Die - bei der Frage der demokratischen Mitbestimmung - immer genannte Fluglärmkommission hat in diesem Entscheidungsdreieck nur beratende Funktion. Zudem sind in der Fluglärmkommission alle genannten Entscheidungsträger nochmals selbst vertreten und steuern darüber ihre eigene Beratung.

Auch die Stadt Frankfurt spielt in der Fluglärmkommission eine unrühmliche Rolle. Von der größten der von Fluglärm betroffenen Kommunen gingen keine Initiativen aus. Das haben die Grünen in Frankfurt zu verantworten. Für ihre Magistratsbeteiligung haben sie Initiativen verhindert, Stellungnahmen weichgespült, sie bis nach Fristablauf verschleppt und sich dem flughafenfreundlichen Kurs der CDU untergeordnet.
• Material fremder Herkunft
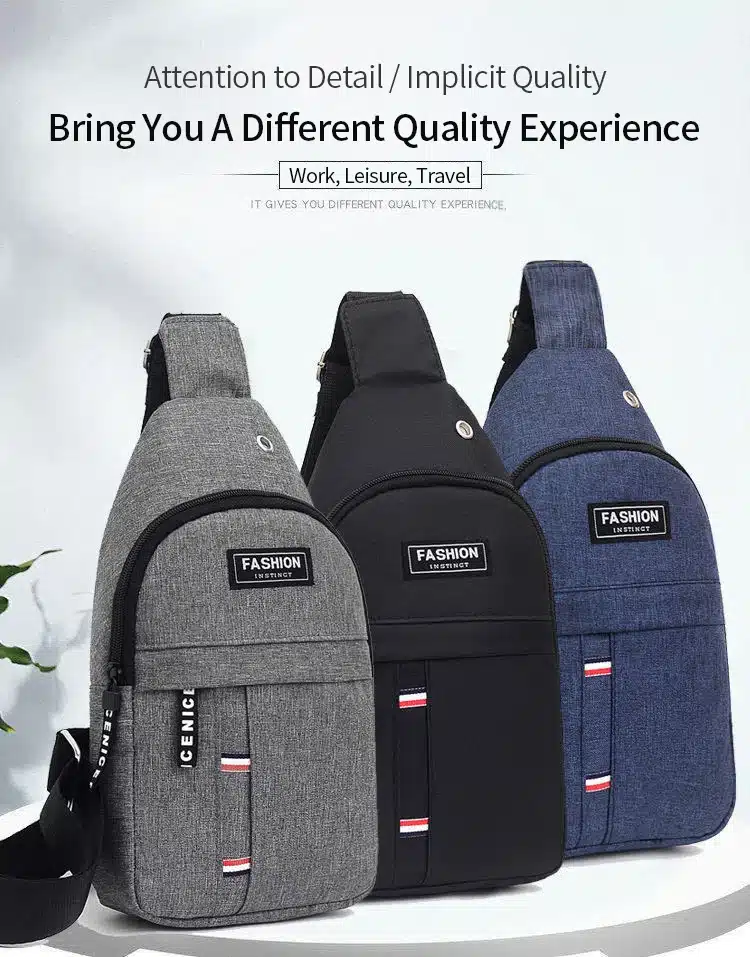 Genial Bolso De Pecho Sencillo De Nailon Resistente Genial Bolso De Pecho Sencillo De Nailon Resistente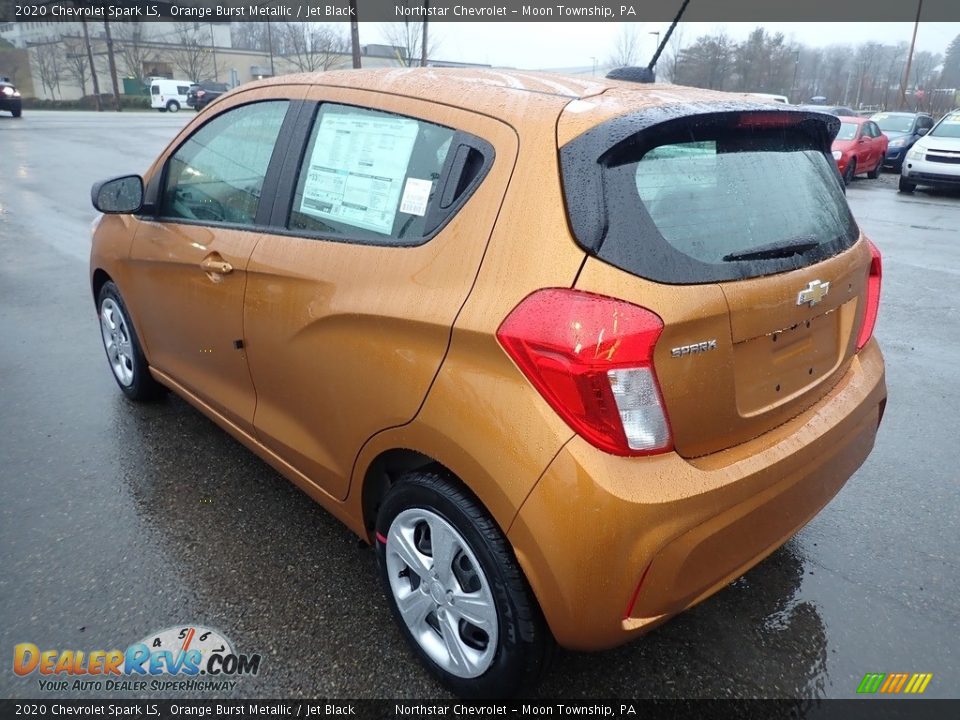 2020 Chevrolet Spark LS Orange Burst Metallic / Jet Black Photo #4
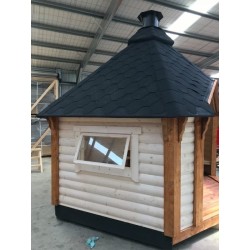 Nordycka otwarta wiata grillowa 9,2m2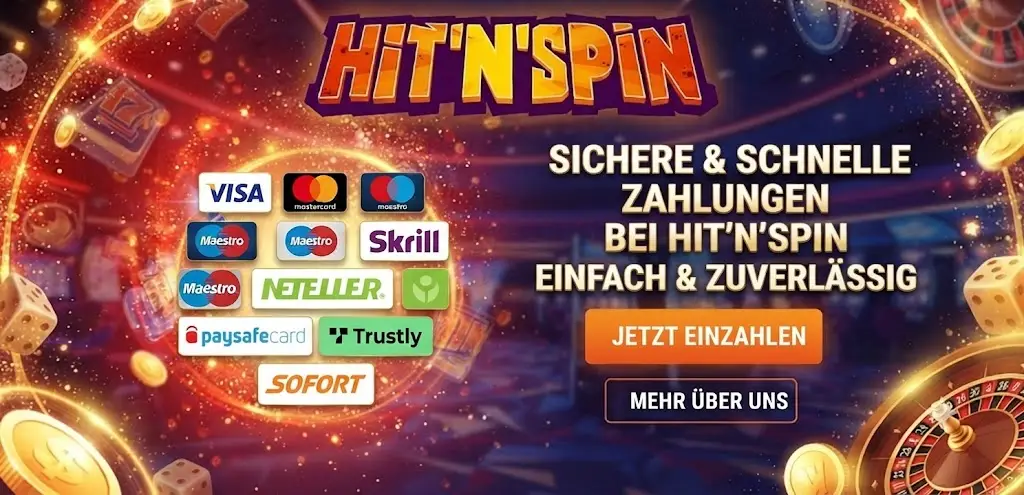 Hitspin Zahlungsmethoden im Überblick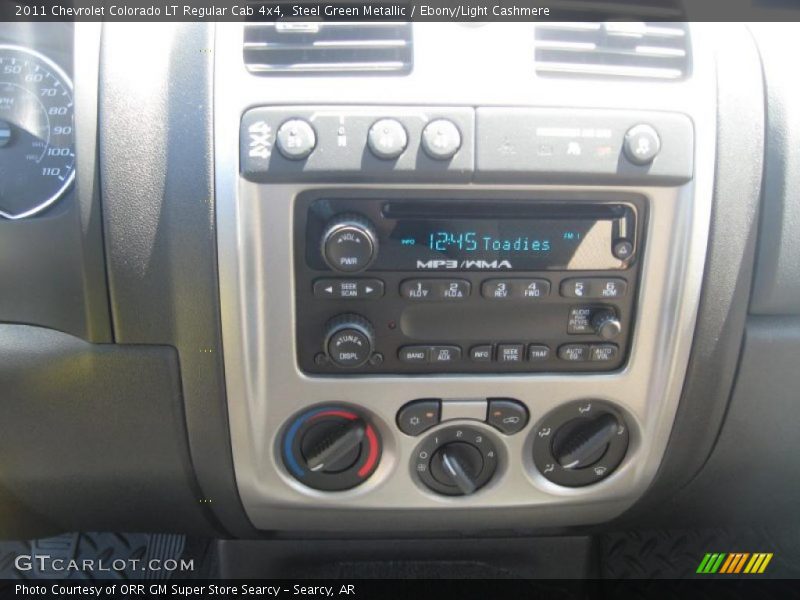 Controls of 2011 Colorado LT Regular Cab 4x4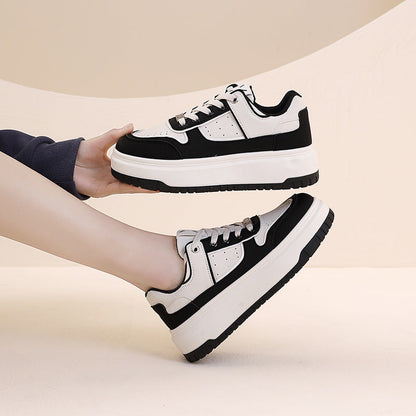 Damen Sneaker HochPlateau Atmungsaktiv Modisch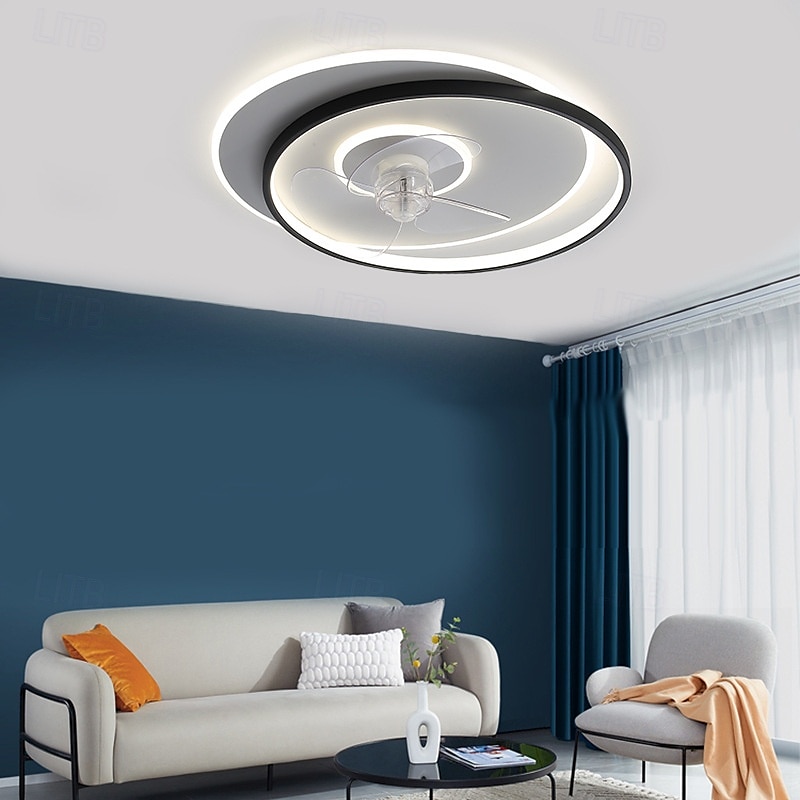 neuer moderner minimalistischer ultradünner Deckenventilator mit integrierter LED-Beleuchtung, ideal für Schlafzimmer & Studie 2025 - $233.19 –P5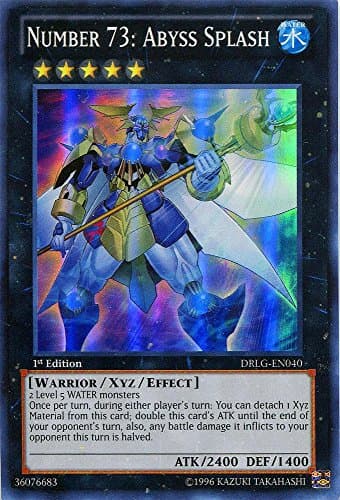 YU-GI-OH! - Number 73: Abyss Splash (DRLG-EN040) - Dragons of Legend - 1st Edition - Super Rare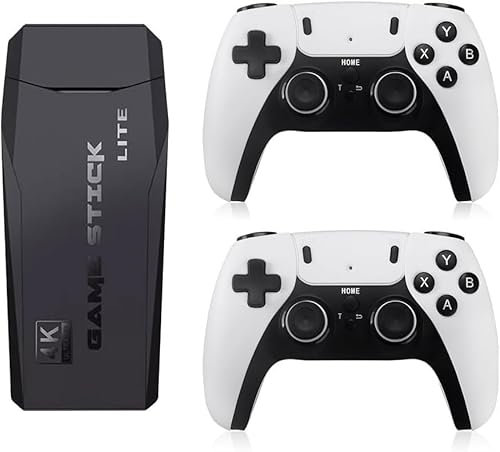Meiurlex M8 PRO Console de jeu nostalgie avec plus de 30 000 jeux, HDMI 4K Rétro Game TV Game Stick avec deux manettes sans fil 2,4 G, émulateurs de consoles rétro, cadeau pour enfants et adultes, 128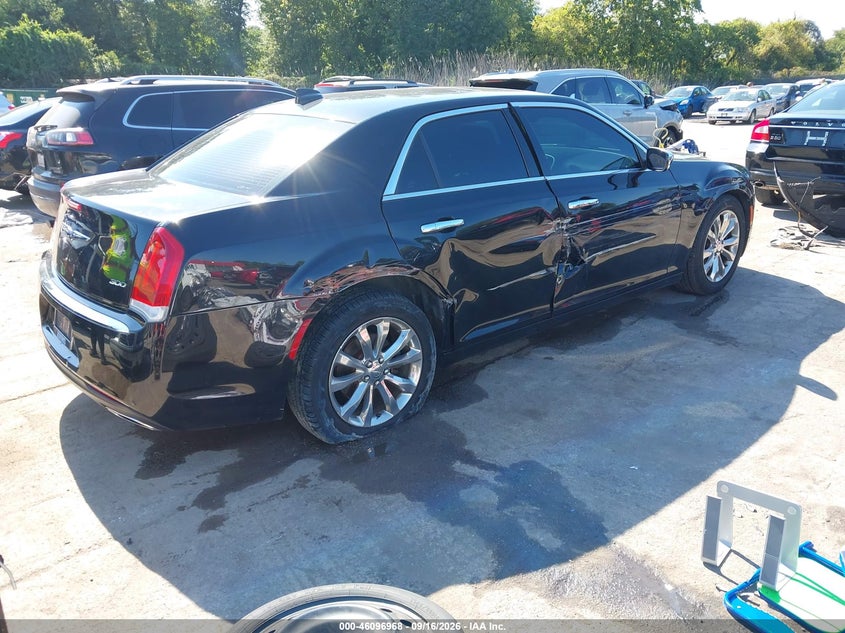 Vin: 2c3ccakg9lh137687, lot: 46596626, chrysler 300 limited awd 20204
Auch Vertreter der Genehmigungsbehörde – das Hessische Ministerium für Wirtschaft, Verkehr und Landesentwicklung (HMWVL) – sitzt mit in der Fluglärmkommission. Wenn Staatsminister Posch, als Leiter des Wirtschaftsministeriums, Lärmschutz ein Anliegen wäre, könnte er die Flugaufsicht anweisen, die Flugrouten auf die Lärmreduktion hin nochmals zu überarbeiten.

Das macht er aber nicht – obwohl er von kommunalen Vertretern aus der Fluglärmkommission dazu aufgefordert wurde.

Lärmminderung darf nicht systematisch hinter den ökonomischen Interessen der Flughafenbetreiber und der Fluglinien zurückstehen. Deshalb begrüßen wir die Idee Lärmminderung als weiteres Aufgabenfeld der Flugsicherung, gesetzlich festzuschreiben. Sich für eine solche Gesetzesänderung einzusetzen, anstelle die Aushebelung der Nachtruhe zu betreiben, erwarten die Menschen in der Region von der Politik.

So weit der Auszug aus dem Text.